Below are the records; extract from them the line containing "Беларусь и Ставрополье" to the line containing "Prism Tower 1701-02 - Structural Work", both lines included, exactly and with no pictures.

DATA —
>>>
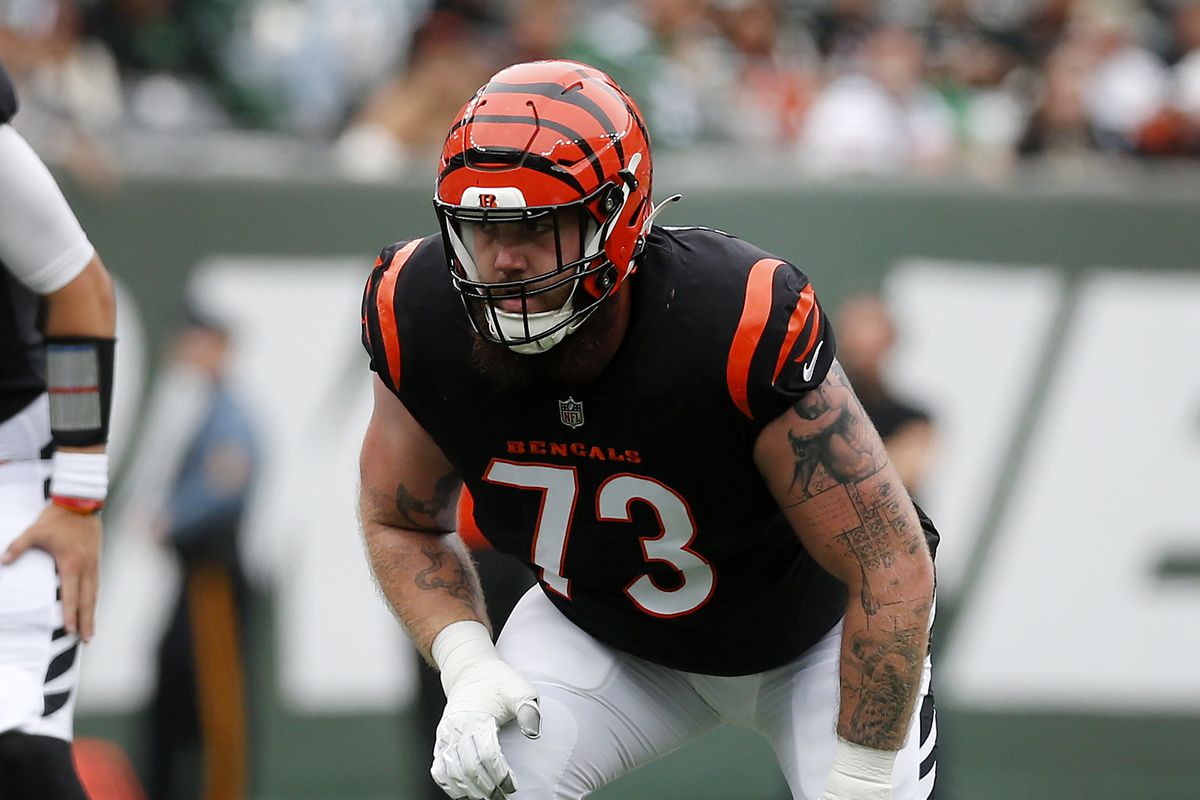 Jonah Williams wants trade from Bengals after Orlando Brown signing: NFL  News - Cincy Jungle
<<<
>>>
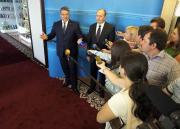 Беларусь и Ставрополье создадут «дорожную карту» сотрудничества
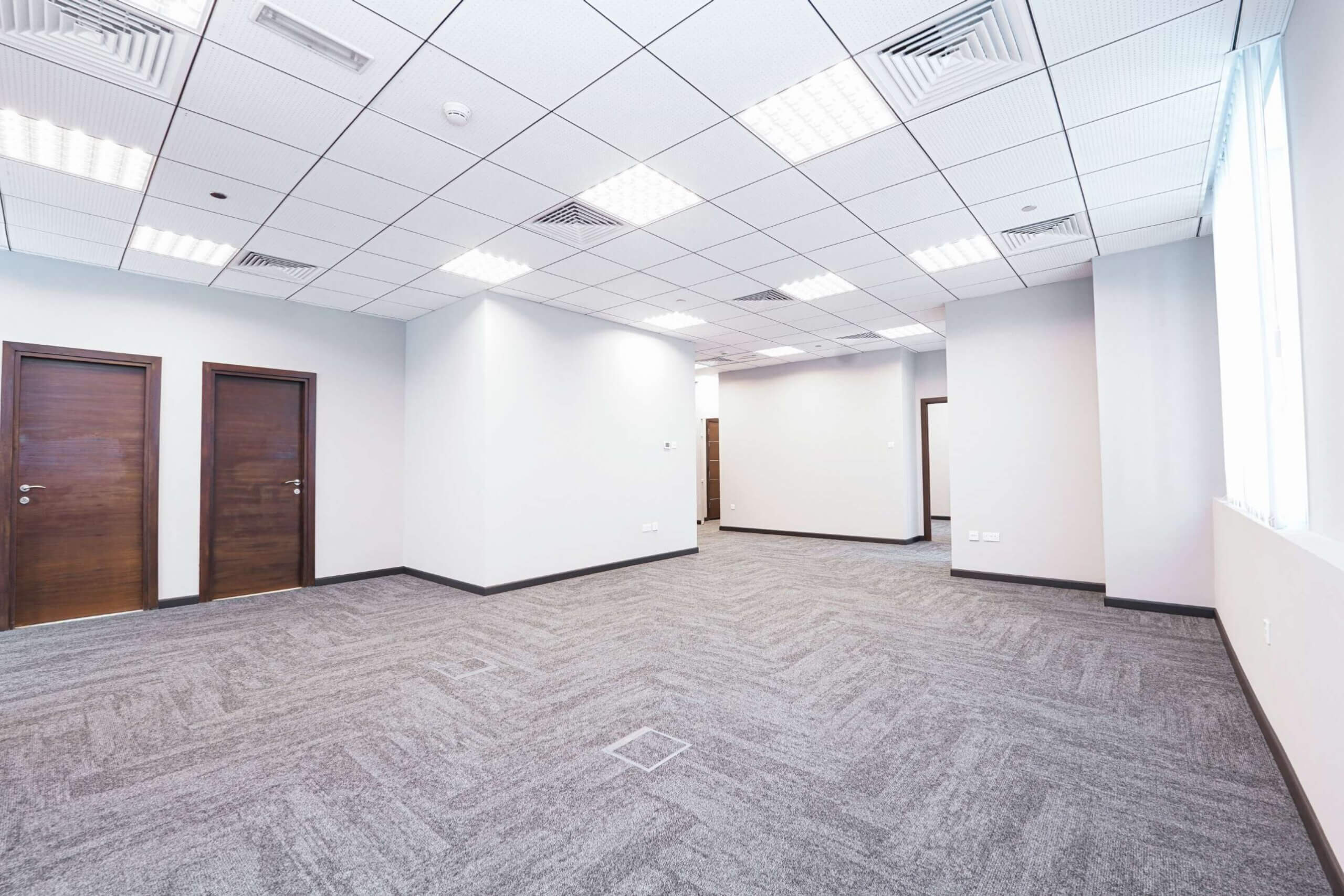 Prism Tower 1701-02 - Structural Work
<<<
RESULT FOR THIS EXERCISE —
 Беларусь и Ставрополье создадут «дорожную карту» сотрудничества
 Prism Tower 1701-02 - Structural Work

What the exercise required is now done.